Use of the European Refugee Fund (ERF)
|Persons resettled using 2012 ERF funding|
Persons resettled under a Regional Protection Programme
X Unaccompanied minors – 3 refugees
X Women and children at risk; particularly from psychological physical or sexual violence or exploitation - 19 refugees
X Persons with serious medical needs that can only be addressed through resettlement – 7 refugees
|Pledges made to resettle under ERF specific categories for 2013|
X Persons resettled from a country or region designated for the implementation of a Regional Protection Programme
X Women and children at risk
X Unaccompanied minors
X Survivors of torture and violence
Persons with serious medical needs that can only be addressed through resettlement
X Persons in need of emergency resettlement or urgent resettlement for legal or physical protection needs
|Pledges made to resettle under ERF resettlement common EU priorities for 2013|
|France did not pledge to resettle under the 2013 common EU priorities.|
The Framework Agreement on resettlement between the French Government and UNHCR stipulated that the two parties would together complete a joint assessment of the French resettlement programme during the third year of its operation. The assessment was thus due in mid-2012 but, at the time of writing, has not yet been completed. The French government and UNHCR hold an annual working group on resettlement each year to discuss and review the French programme.
Strengths & Challenges
- The French resettlement programme allows UNHCR to submit varied cases on a dossier basis, from a wide range of countries of asylum around the world. France does not impose any stringent criteria with respect to integration potential, further strengthening the resettlement programme's accessibility for particularly vulnerable refugees.

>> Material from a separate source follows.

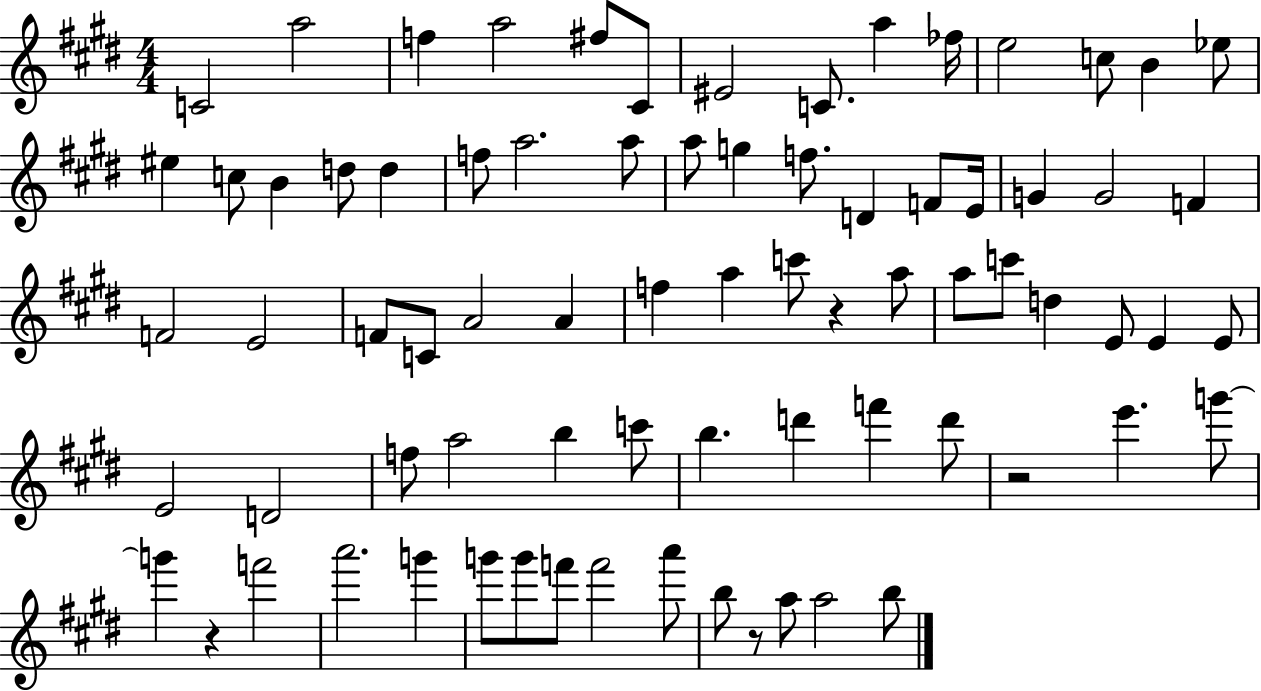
C4/h A5/h F5/q A5/h F#5/e C#4/e EIS4/h C4/e. A5/q FES5/s E5/h C5/e B4/q Eb5/e EIS5/q C5/e B4/q D5/e D5/q F5/e A5/h. A5/e A5/e G5/q F5/e. D4/q F4/e E4/s G4/q G4/h F4/q F4/h E4/h F4/e C4/e A4/h A4/q F5/q A5/q C6/e R/q A5/e A5/e C6/e D5/q E4/e E4/q E4/e E4/h D4/h F5/e A5/h B5/q C6/e B5/q. D6/q F6/q D6/e R/h E6/q. G6/e G6/q R/q F6/h A6/h. G6/q G6/e G6/e F6/e F6/h A6/e B5/e R/e A5/e A5/h B5/e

- The French programme provides resettled refugees with speedy and effective access to state welfare and health insurance.
- The French government made several commitments to improving the programme during the last Resettlement Working Group in early 2013, including improving the information booklet provided to refugees before their departure and further expediting the asylum determination procedure for resettled refugees.
- A lack of available accommodation for recognised refugees in France has led to delays in the arrival of resettled refugees into France.
- The lack of pre-departure CO information provided to refugees has in some cases led to unrealistic expectations and confusion amongst refugees selected for resettlement, in particular about difficulties in finding housing. Resettled refugees can also find the repeated relaying of the basis for their asylum claim - to UNHCR at the registration and identification stage, and again post-arrival to NGO workers preparing asylum claim forms - distressing and unnecessarily intrusive. The need for an asylum determination procedure in France can also delay access to integration support, in particular to language classes in some cities/regions.
- NGOs operating reception facilities and programmes often do not receive adequate information on special needs of refugees they are due to receive, in particular medical needs affecting housing.
According to the Ministry of the Interior, priorities for the resettlement programme during 2013 are to clear the 2010-2011 arrival backlog of approximately 50 persons and to work with reception actors to improve communication and cooperation.